So I think I have been a little moody this past month, ever since the move really. Some days I'm fine, but other days I let myself wallow in self pity, and I then i hate on myself because I know I am so lucky. It's a twisted world and to each his own. I know I was struggling to count my blessings. Instead i was stacking up all the reasons to be annoyed and unhappy. Who are we? After church today, I realized I have been pushing away the spirit with my bad heart. Some of it has to do with how I am filling my time, but I know I have always struggled with a glass half empty attitude. I have a loyal, supportive husband, the cutest daughter, a nice home to live in, the love of many family & friends, & my health. Why on earth do I have a droopy attitude? It's affecting my marriage and probably my daughter when I let it take over and it's the last thing I want. Patience and a controlled tongue is a lot of work. Maybe it's because I feel like no one can understand, which is also stupid. I'm sure I shouldn't beat myself up for wanting certain things to be a little different but it doesn't do any good to be ungrateful for my many blessings right now. I guess I hate to admit I am that person who wants what I want immediately. And I want things done my way, so when change comes that I don't expect, my first reaction is always horrible.

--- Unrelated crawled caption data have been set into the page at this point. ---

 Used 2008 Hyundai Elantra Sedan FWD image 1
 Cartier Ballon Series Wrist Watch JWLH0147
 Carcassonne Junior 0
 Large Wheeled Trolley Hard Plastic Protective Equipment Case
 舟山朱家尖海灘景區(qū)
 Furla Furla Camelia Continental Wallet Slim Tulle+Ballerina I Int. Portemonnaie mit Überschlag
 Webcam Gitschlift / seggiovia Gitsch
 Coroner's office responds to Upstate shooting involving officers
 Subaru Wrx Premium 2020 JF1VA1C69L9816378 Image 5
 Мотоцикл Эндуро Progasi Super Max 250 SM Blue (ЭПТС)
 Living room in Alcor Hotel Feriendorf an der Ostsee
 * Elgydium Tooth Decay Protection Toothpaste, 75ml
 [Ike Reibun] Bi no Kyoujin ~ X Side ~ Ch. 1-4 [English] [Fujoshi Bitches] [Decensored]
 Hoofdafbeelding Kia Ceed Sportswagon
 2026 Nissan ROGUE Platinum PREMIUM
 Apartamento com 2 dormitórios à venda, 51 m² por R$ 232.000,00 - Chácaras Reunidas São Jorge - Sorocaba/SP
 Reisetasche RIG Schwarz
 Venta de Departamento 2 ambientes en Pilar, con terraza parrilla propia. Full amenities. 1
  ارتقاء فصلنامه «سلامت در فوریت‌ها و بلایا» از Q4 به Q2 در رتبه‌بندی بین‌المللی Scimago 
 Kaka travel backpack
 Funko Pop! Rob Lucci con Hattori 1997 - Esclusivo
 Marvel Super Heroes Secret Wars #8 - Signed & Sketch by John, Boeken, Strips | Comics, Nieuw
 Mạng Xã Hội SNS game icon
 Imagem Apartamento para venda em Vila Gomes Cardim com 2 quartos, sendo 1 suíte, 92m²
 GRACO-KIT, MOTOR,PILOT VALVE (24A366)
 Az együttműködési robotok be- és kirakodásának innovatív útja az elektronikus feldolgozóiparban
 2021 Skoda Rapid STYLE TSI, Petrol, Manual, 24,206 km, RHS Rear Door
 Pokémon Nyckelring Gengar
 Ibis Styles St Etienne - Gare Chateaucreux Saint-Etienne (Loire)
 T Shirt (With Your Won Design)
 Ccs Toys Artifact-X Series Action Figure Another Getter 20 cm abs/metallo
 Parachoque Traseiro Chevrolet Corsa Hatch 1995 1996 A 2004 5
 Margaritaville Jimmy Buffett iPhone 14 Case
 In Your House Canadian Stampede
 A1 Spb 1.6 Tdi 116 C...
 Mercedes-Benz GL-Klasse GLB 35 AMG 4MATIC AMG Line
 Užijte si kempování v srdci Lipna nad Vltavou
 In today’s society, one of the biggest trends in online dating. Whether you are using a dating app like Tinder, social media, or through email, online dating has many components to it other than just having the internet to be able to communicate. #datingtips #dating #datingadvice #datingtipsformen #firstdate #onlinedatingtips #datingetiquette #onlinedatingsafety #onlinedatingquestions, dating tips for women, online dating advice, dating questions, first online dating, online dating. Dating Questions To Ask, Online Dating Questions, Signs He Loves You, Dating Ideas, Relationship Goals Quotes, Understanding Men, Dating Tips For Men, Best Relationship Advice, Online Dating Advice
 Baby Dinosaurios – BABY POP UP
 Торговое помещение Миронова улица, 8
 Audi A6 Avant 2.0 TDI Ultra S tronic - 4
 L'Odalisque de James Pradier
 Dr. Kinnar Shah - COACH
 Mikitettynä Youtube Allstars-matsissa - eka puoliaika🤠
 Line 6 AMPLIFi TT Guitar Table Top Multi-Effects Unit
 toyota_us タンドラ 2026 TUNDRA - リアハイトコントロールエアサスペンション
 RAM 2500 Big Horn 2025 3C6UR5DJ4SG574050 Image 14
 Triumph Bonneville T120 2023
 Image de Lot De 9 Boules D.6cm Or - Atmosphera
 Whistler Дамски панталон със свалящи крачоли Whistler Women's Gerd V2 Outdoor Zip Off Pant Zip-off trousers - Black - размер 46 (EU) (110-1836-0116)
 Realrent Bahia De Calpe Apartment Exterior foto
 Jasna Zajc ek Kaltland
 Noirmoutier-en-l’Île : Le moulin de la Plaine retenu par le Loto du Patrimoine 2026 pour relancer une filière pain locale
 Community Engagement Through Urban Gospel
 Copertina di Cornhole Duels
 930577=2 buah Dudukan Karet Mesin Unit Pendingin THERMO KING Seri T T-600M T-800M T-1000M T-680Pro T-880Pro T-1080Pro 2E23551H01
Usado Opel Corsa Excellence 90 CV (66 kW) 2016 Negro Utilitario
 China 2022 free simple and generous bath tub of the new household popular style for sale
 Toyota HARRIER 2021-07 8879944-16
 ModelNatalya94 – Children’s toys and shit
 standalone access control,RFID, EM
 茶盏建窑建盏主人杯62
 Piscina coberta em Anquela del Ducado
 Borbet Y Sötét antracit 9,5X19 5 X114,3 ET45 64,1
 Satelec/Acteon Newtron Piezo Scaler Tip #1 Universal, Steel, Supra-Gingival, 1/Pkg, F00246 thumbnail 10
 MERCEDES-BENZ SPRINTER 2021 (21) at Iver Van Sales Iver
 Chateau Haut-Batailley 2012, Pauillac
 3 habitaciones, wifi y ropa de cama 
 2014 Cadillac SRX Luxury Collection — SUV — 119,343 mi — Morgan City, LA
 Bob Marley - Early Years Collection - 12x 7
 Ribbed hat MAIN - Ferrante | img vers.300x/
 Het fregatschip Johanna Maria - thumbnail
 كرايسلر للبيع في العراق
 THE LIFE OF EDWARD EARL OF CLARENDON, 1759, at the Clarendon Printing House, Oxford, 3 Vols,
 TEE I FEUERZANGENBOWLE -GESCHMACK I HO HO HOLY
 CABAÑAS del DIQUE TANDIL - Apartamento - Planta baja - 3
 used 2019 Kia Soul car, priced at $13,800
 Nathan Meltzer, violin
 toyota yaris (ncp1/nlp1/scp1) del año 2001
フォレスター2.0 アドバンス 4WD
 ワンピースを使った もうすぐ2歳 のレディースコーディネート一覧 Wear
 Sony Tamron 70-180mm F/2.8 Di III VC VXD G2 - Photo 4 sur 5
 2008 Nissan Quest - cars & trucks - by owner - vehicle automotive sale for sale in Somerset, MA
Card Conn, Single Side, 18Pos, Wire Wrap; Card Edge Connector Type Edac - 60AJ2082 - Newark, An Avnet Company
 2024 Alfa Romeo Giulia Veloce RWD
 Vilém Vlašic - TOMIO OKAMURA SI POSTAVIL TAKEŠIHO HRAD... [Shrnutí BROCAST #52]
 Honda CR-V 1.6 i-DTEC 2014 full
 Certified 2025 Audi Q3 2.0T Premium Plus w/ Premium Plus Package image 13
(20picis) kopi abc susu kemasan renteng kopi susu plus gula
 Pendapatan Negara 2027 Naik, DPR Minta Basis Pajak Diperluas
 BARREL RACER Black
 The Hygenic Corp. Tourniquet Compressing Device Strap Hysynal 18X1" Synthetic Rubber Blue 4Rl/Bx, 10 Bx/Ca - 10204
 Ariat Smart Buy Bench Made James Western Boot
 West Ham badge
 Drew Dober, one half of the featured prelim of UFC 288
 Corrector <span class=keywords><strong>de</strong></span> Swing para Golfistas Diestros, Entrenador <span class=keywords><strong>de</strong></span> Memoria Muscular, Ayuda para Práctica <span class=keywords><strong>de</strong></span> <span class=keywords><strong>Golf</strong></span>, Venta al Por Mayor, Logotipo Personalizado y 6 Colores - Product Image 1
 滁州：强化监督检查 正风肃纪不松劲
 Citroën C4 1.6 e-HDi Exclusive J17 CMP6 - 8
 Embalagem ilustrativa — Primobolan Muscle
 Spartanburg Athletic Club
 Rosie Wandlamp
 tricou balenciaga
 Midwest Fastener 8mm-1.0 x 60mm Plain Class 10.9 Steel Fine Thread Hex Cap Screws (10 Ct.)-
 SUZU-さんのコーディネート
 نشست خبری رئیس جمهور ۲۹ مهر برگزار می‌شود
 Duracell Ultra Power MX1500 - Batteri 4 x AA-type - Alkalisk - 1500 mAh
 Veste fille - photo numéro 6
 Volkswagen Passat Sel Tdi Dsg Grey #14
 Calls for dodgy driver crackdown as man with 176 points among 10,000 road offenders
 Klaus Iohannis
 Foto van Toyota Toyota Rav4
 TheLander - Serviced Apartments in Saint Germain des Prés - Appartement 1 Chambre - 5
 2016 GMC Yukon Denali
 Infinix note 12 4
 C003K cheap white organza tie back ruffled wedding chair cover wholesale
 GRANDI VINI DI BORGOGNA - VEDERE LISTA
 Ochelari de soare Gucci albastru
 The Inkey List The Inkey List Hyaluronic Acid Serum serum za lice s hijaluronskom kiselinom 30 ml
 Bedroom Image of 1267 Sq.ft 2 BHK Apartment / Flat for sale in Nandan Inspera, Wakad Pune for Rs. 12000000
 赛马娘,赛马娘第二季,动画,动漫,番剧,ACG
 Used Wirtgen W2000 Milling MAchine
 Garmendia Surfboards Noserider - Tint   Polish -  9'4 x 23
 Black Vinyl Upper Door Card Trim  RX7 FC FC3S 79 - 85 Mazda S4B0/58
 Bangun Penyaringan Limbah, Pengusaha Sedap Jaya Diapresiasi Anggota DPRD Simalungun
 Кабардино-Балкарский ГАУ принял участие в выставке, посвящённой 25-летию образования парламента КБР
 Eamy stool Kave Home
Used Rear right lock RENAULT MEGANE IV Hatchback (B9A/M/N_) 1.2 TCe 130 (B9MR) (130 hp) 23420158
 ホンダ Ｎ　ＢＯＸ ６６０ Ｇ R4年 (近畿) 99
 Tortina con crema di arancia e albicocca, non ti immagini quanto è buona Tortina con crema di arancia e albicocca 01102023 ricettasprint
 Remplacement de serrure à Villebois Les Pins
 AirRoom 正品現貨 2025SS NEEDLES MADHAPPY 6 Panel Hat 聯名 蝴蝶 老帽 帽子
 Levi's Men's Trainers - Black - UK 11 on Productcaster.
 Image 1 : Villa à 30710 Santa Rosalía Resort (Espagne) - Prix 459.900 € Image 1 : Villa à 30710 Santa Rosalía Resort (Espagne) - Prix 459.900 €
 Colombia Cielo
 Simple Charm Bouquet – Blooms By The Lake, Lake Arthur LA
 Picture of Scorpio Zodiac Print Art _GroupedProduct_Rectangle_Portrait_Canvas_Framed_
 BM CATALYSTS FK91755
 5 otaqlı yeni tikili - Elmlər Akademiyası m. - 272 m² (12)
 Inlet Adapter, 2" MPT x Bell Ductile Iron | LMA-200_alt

So moving to hickory and trusting my husband with a career change has been an adjustment. I'm so glad he is happy and I was willing to go where he had the best work opportunity, but I just didn't expect it. I didn't have control and for some reason I struggled with that even though I tried to not care. He trusted that it was the best decision and at the time, the cards didn't stack up for me. I struggled to accept that it was just me and Lexi for 14 hours a day, but at least I get to stay at home with her, ya know? That's awesome! I know things will work out but I let myself take a back seat on some things and I guess that is difficult for me. Instead of being independent, I'm a dependant. But I was just letting myself get caught up in semantics. My role is to be a supportive wife and mother. I want to be that. But I'm also not good at hiding my feelings.
I struggle to even let Mr Smith explain something because I would explain it differently. He gets frustrated when I move his stuff into my logical place, but I get annoyed that I have to clean up the home for all these last minute showings. I want to move, but he doesn't. And that's, I guess, the bickering of an average married couple.
I got my computer back so I am playing catch up again. I lost my blog books & am pretty disappointed for the hours I lost putting it together. Mr Smith really wants me to order them & I am exhausted at the thought of starting over. But sometimes, it's just what we need to do. I also may have lost several pictures from our first year of marriage, so I'm kinda glad I blog. And it will be great to have these records bound in a book one day. $232, our desktop is functioning again. A lot of that I owe to my husband. So maybe there was stress involved & maybe I added to it, but at the end of the day, it is him who hugs me & I who nuzzles him. And for that I am grateful.
I almost lost pictures like these...
I almost lost pictures like these...
postpartum is hard, especially when you throw a move into it. Going to the library for story hour is a great way to meet other Moms in your new area! sending some love your way and know you are not alone and the feelings get better! :) You are awesome and choosing being with your daughter is also wonderful! :) You are doing great and your feelings are normal!